Não sei se deveria contar esta história, mas ela, de vez em quando, fica cutucando minha indiscrição. É uma história verídica, porém não sei se verdadeira. Penso que sim, pois quem a contou para mim não teria a intenção de inventar coisas não ocorridas. Então vamos lá.
Conheci Zé Sérgio, o primeiro anistiado a partir de l964, lá pelo fim dos anos setenta. Isto porque ele se tornou namorado de uma minha amiga, que o conheceu num ônibus urbano do Rio de Janeiro. Ia ele com cara de cachorro caído da mudança, no último banco do coletivo, e tal expressão sensibilizou minha amiga. Daí para o namoro, foi um pulo.
Por aquela época ainda éramos todos jovens, embora eu já estivesse casado. E, enquanto durou o curto namoro, Zé Sérgio frequentava o apartamento onde Jane e eu morávamos, na Rua Pereira da Silva, esquina com a Moreira César, em Niterói.
Zé Sérgio havia lutado contra a ditadura militar, com o MR8 – Movimento Revolucionário 8 de Outubro –, até que acabou preso pelas forças de segurança.

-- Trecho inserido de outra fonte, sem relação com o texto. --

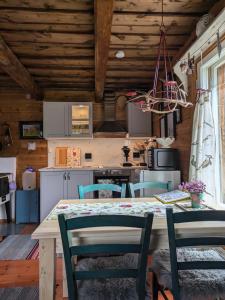 Dapur atau dapur kecil di Leppälän vanhatupa rantasaunalla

Ficou trancafiado no xadrez um bom tempo, mas foi o primeiro beneficiado pela Lei 6683, de 26 de agosto de 1979, que ficou conhecida como Lei da Anistia. Sua saída da prisão teve pequena matéria, com foto inclusive, na revista Veja, de que me lembro ainda hoje.

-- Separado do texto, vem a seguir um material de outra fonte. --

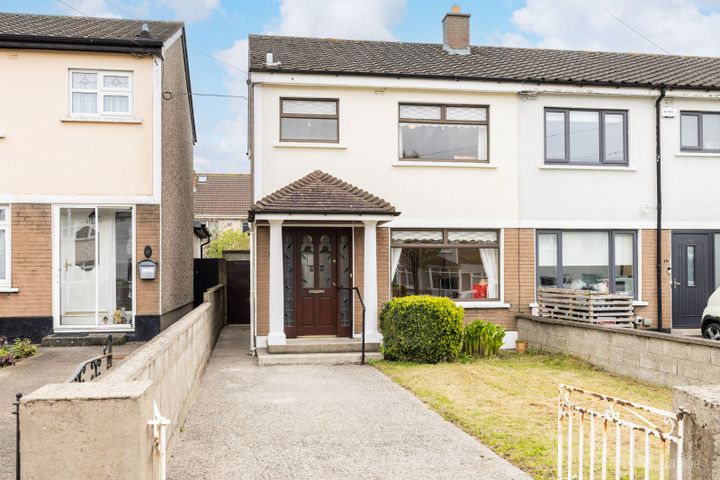8 Farnham Drive, Finglas, Dublin 11, D11N5C2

Num desses encontros para um almoço lá em casa, Zé Sérgio contou algumas interessantes passagens do seu tempo de militante do movimento contra o regime E era difícil imaginar que um homem pacífico e cordial como ele, pudesse ter pegado em armas, ter-se envolvido em ações violentas, na tentativa de derrubar a ditadura.
Segundo ele, nenhum dos membros de uma célula de ação era conhecido por seu próprio nome. Ao contrário, todos tinham codinomes, no intuito de preservar suas verdadeiras identidades. E também não participavam efetivamente de todas as decisões visando às ações que seriam empreendidas contra os militares. Este caso ocorreu justamente numa delas.
Chegou à sua célula a determinação de que os militantes tais e quais deveriam unir-se em certo ponto da cidade do Rio de Janeiro, de onde partiriam para a ação ainda desconhecida. No horário marcado, lá estava ele. Ao se encontrarem, os ativistas anunciavam a senha e diziam seu codinome uns aos outros. O líder do grupo revelou, então, o que seria realizado naquela noite: o assalto a um restaurante, com a finalidade de angariar dinheiro para financiar a luta armada.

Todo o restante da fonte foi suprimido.